Initializing from a sequence of Row was always intended to work, so this is just documenting that correctly (and fixing a bug).

So, @taldcroft , should we backport?

Yes on the backport in concept, though to be honest I don't know where it will be backported. I thought there is only 6.0.1 which is the next bugfix release forward from 6.0.0.

Also, of course, I haven't reviewed the code yet!

neutrinoceros · 2023-12-14T17:48:51Z

There's one failure I didn't catch locally. I'll get back to fix it in the morning, most likely.

neutrinoceros · 2023-12-14T17:53:45Z

astropy/table/table.py

+        return names
+
+    for row in rows[1:]:
+        if not isinstance(row, Row) or len(row.colnames) != len(names):


note to reviewers: I'm assuming that passing rows of different sizes would raise an exception sooner or later during initialization, but I think this function should be as resilient as possible, so raising that exception is not its responsibility.

neutrinoceros · 2023-12-14T17:55:55Z

astropy/table/tests/test_table.py

+    t1["a"] = [1, 2, 3]
+    t1["b"] = [2.0, 3.0, 4.0]
+
+    rows = [row for row in t1]  # noqa: C416


I used a noqa comment here to keep this intention of that line very clear. Otherwise, the linter would push for
rows = list(t1), which is equivalent, but a bit more opaque in my opinion.
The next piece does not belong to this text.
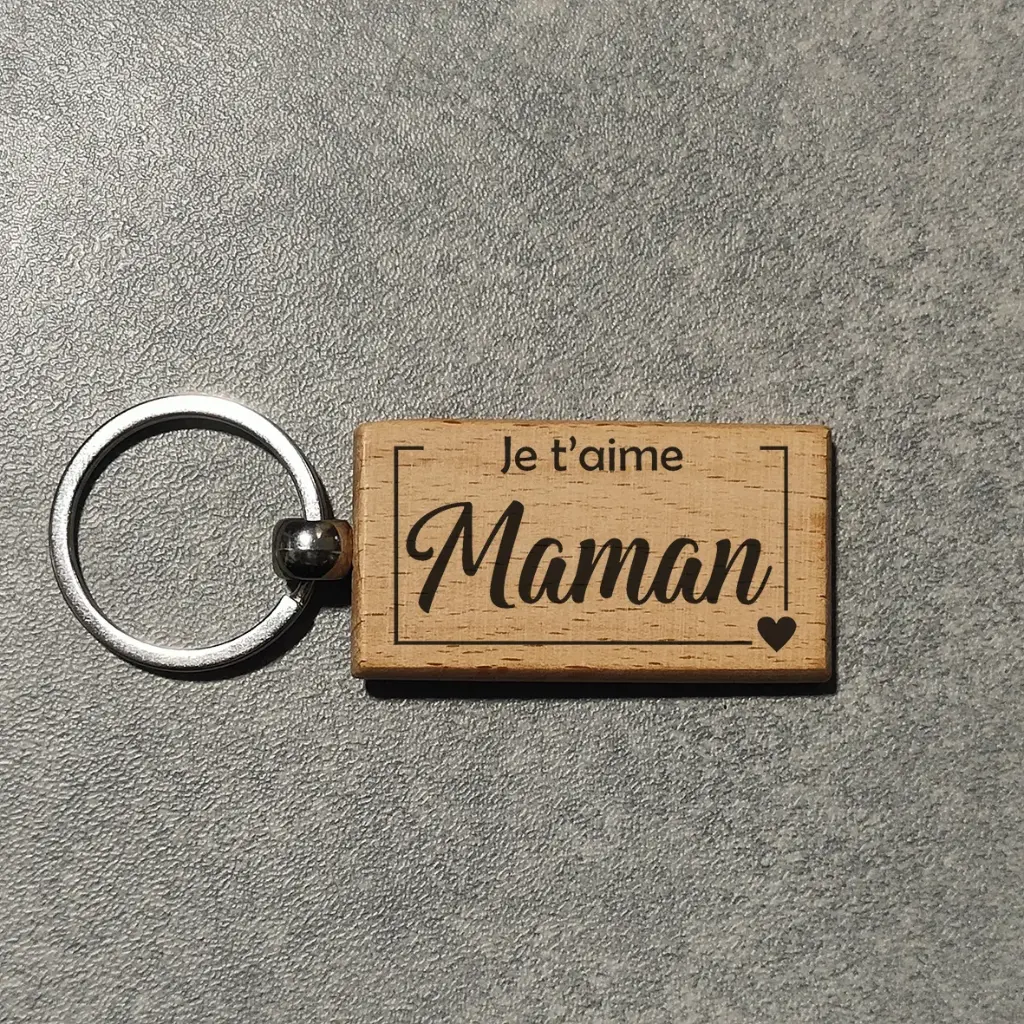 Porte Clé en bois Personnalisable - gravure laser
I could also create a list of Rows manually. Here I just took the example from @astrofrog for easier comparison between the test and its linked issue.
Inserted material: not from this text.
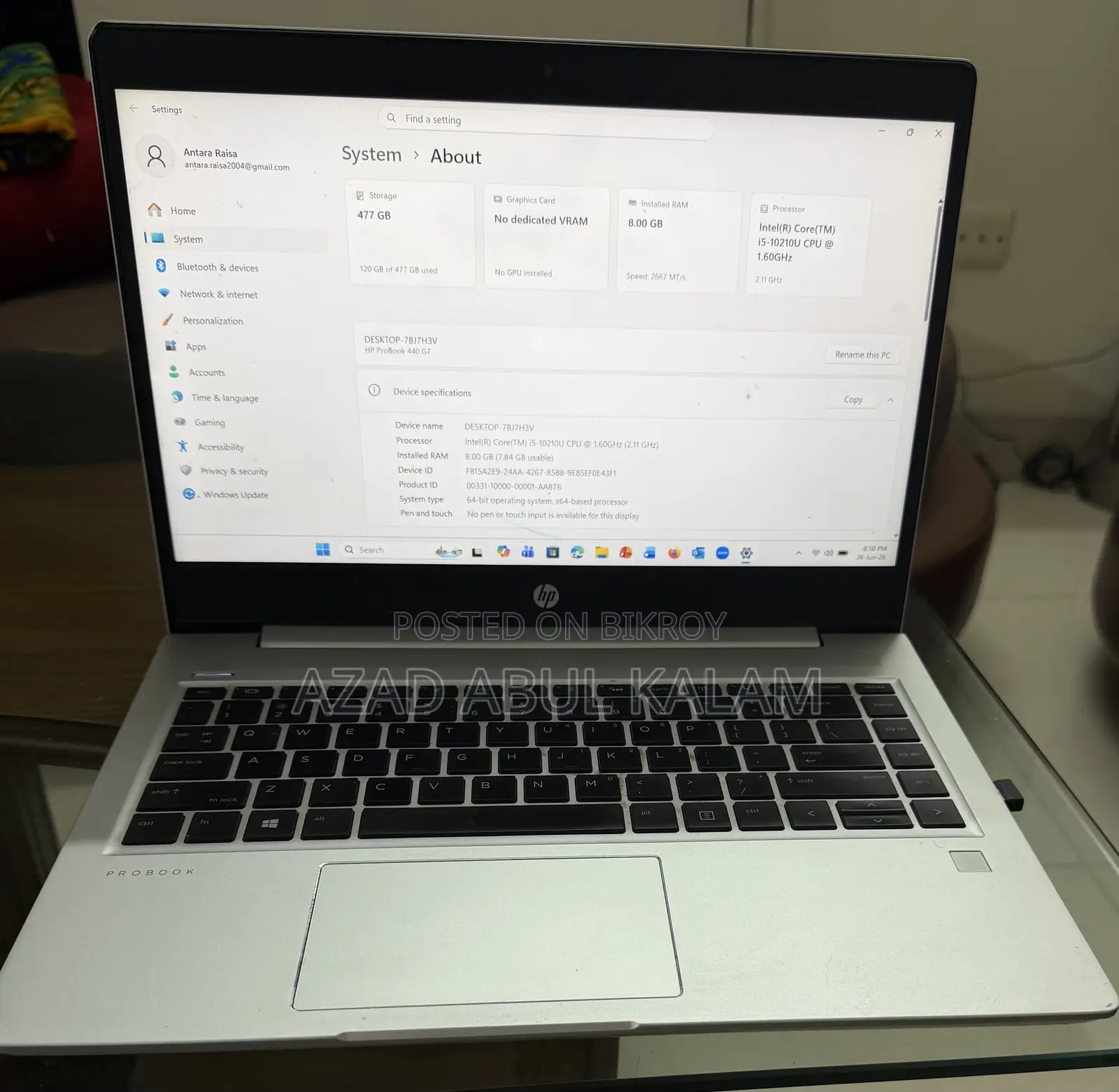Laptop HP 15 8GB Intel Core I5 HDD+SSD 500GB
hamogu · 2023-12-15T14:10:21Z

We should backport.

hamogu · 2023-12-15T14:11:21Z

Since I don't review many PRs, I don't know what I need tp do about that though. Set the backport label?
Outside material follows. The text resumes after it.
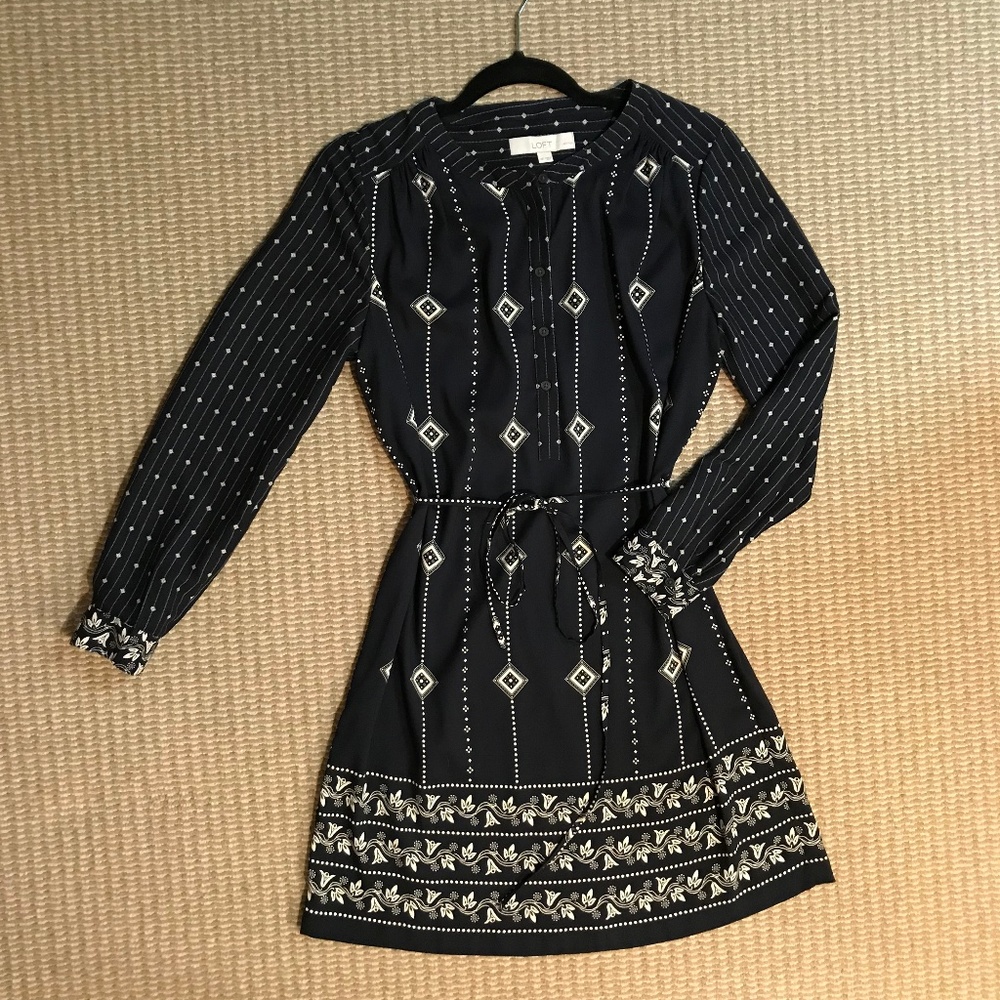 LOFT Pattered Tie Waist Dress, Size MP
pllim · 2023-12-15T14:13:06Z

Change the milestone and set the backport label, yes. I already did it here. Thanks for the feedback!

taldcroft · 2023-12-18T19:48:06Z

@neutrinoceros - I did a little digging and noticed a solution that has a much smaller footprint, in fact it reduces the line count. Basically this relies on Row being mostly dict-like, though sadly list(row) gives the values not the keys. (If we could go back 11 years...).

This also fixes some old inelegant code for getting the column order which was written way before Python had an ordered dict. It's very easy now to get the column order as simply the order in which they appear in successive rows. The previous alphabetical sort was not very nice.

One slight unfortunate thing about this solution is that it could change the column ordering in code so it would count as an API change for the unusual circumstance where the first row does not have all the columns. So I think this would need to wait for the next release, but the original issue is 6 years old so it can wait a little longer.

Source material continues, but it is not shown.